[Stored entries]
__________________________________________________

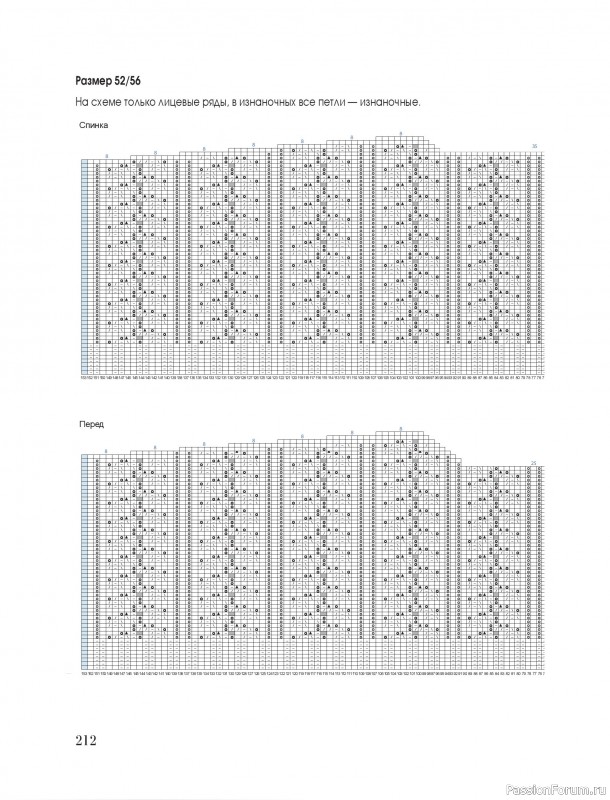 Вязаные проекты в книге &laquo;Тихая роскошь на спицах&raquo;. Часть 3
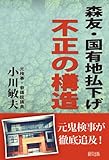 森友・国有地払下げ不正の構造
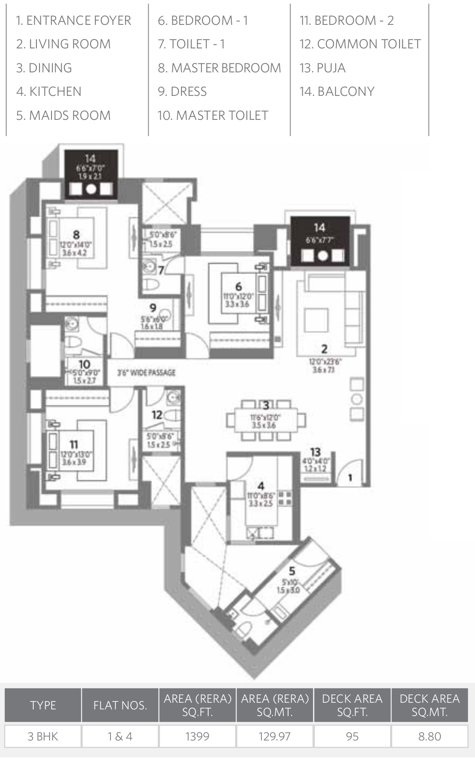 Hiranandani House of Hiranandani Egattur (3BHK+3T (1,980 sq ft) 1980 sq ft)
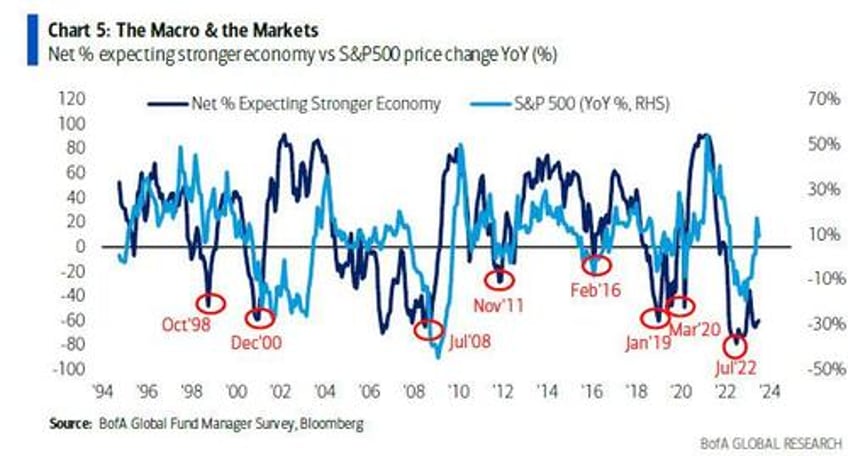amid recession gloom big short cover sends fund managers scrambling to buy stocks july fms survey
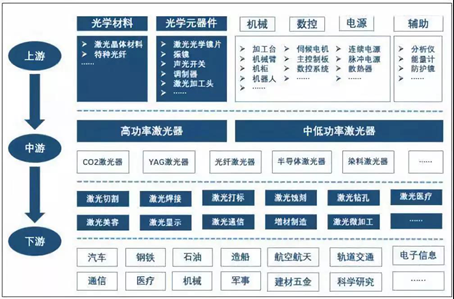 II-VI推出新光學(xué)元件：激光產(chǎn)業(yè)鏈上游的突破，對(duì)中、下游有什么影響？
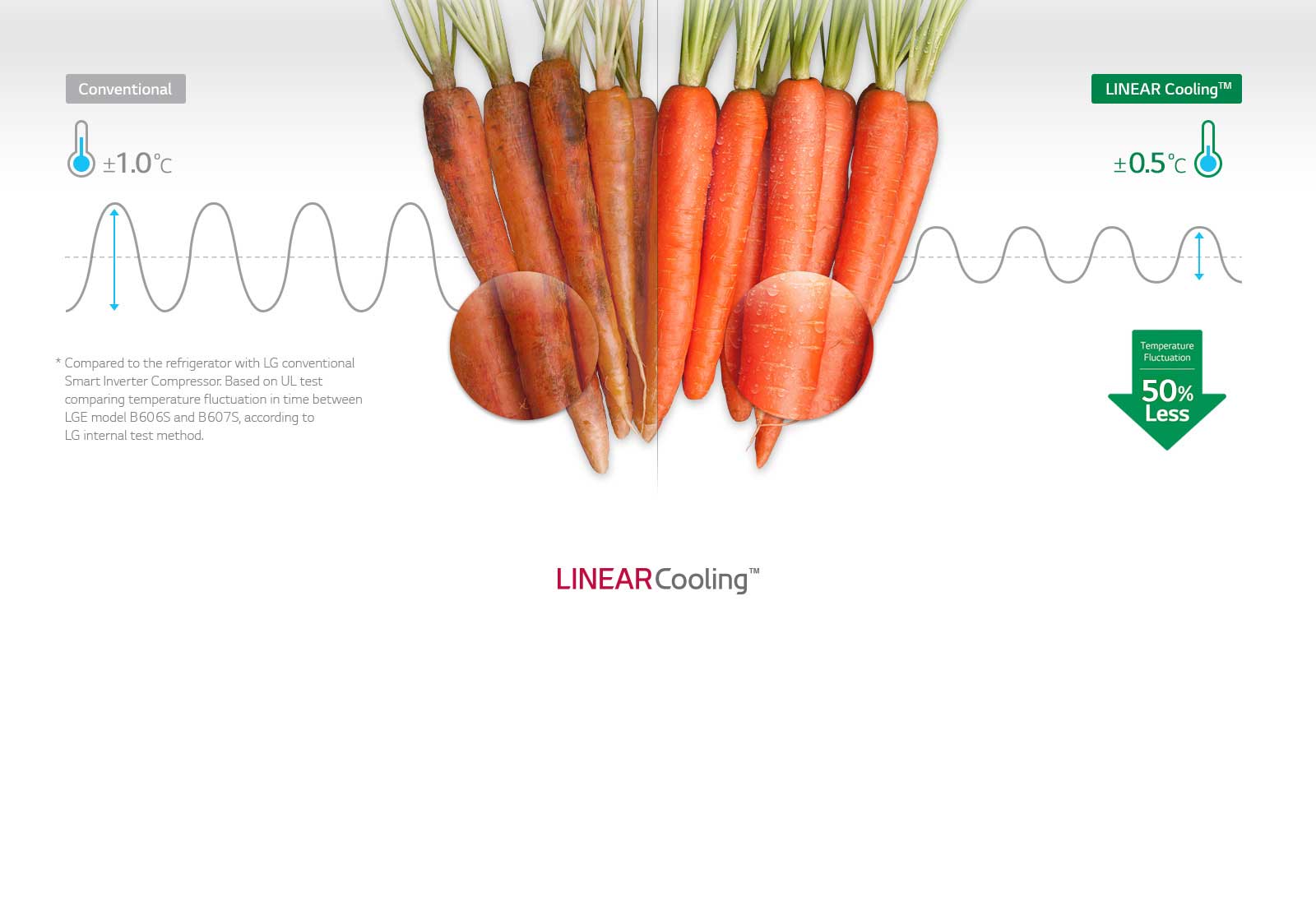 Even Cooling in Any Time3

__________________________________________________

### Try it
The finished copy should match the data above word for word and contain no pictures.

### Result for this task
 Вязаные проекты в книге &laquo;Тихая роскошь на спицах&raquo;. Часть 3
 森友・国有地払下げ不正の構造
 Hiranandani House of Hiranandani Egattur (3BHK+3T (1,980 sq ft) 1980 sq ft)
amid recession gloom big short cover sends fund managers scrambling to buy stocks july fms survey
 II-VI推出新光學(xué)元件：激光產(chǎn)業(yè)鏈上游的突破，對(duì)中、下游有什么影響？
 Even Cooling in Any Time3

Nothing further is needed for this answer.